Task brief: Identify the line in which "Bán căn hộ 2pn, 2wc, victory" appears, then reproduce that line and all remaining lines of the records word for word.

Caption-style text data
↓

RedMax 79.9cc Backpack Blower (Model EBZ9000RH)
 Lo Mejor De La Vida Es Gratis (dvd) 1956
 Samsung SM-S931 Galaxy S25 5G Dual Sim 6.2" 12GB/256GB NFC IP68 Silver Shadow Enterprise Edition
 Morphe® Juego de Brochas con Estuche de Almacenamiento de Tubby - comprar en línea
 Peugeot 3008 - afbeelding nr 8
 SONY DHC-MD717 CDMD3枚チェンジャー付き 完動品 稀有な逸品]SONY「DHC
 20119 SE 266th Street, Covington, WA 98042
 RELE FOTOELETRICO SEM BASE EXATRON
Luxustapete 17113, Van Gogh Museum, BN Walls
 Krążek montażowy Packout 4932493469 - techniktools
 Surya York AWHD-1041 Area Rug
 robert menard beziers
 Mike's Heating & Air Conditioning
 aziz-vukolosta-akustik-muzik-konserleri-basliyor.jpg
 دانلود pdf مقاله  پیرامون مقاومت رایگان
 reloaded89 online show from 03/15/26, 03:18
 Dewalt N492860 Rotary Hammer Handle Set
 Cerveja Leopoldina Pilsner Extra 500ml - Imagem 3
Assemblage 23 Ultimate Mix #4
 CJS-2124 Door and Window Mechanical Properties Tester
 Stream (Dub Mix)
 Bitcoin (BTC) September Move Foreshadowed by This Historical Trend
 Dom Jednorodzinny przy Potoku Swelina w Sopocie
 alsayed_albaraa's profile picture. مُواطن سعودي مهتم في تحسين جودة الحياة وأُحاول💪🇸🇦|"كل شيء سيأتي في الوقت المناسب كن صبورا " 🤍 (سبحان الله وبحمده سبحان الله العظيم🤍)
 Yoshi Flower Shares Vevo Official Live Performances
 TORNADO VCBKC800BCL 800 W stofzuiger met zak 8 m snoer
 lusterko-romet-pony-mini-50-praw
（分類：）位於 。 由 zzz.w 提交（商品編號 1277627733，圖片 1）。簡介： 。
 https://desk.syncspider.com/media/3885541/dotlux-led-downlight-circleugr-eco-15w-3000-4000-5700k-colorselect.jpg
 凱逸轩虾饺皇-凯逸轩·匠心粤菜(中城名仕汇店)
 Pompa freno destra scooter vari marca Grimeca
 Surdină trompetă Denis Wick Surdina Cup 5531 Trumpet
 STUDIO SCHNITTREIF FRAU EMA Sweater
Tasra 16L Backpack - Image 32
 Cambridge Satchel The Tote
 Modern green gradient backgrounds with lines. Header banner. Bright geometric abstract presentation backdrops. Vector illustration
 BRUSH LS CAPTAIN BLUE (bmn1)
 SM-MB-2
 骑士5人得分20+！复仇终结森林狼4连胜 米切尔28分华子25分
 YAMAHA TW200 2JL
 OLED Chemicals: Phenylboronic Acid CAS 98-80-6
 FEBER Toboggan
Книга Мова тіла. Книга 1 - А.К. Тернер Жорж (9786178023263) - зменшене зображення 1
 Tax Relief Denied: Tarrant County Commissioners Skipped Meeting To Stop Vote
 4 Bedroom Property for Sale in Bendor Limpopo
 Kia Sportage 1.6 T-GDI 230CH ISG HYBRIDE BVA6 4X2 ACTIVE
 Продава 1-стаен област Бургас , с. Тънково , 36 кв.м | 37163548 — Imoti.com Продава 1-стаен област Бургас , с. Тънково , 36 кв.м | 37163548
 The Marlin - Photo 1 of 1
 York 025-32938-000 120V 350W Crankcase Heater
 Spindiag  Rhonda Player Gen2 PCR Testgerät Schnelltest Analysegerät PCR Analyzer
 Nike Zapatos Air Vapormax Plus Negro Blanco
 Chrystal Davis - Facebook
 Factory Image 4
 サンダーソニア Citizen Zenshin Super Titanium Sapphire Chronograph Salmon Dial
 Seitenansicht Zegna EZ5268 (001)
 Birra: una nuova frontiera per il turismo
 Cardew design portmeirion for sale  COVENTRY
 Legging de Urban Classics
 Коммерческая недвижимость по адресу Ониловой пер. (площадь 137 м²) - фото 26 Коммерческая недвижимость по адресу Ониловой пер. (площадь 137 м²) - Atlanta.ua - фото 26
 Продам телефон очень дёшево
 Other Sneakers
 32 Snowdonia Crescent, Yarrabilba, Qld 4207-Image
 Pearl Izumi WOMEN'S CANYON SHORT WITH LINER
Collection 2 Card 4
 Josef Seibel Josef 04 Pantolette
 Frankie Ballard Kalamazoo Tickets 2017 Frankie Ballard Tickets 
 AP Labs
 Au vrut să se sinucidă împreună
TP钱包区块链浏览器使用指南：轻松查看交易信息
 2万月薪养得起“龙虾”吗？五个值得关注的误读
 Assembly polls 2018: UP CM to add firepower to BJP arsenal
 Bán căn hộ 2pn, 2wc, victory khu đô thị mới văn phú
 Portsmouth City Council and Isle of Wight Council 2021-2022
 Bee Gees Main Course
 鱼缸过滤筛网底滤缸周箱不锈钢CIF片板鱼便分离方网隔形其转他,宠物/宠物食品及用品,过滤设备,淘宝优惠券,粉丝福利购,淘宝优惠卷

↑

Reply:
 Bán căn hộ 2pn, 2wc, victory khu đô thị mới văn phú
 Portsmouth City Council and Isle of Wight Council 2021-2022
 Bee Gees Main Course
 鱼缸过滤筛网底滤缸周箱不锈钢CIF片板鱼便分离方网隔形其转他,宠物/宠物食品及用品,过滤设备,淘宝优惠券,粉丝福利购,淘宝优惠卷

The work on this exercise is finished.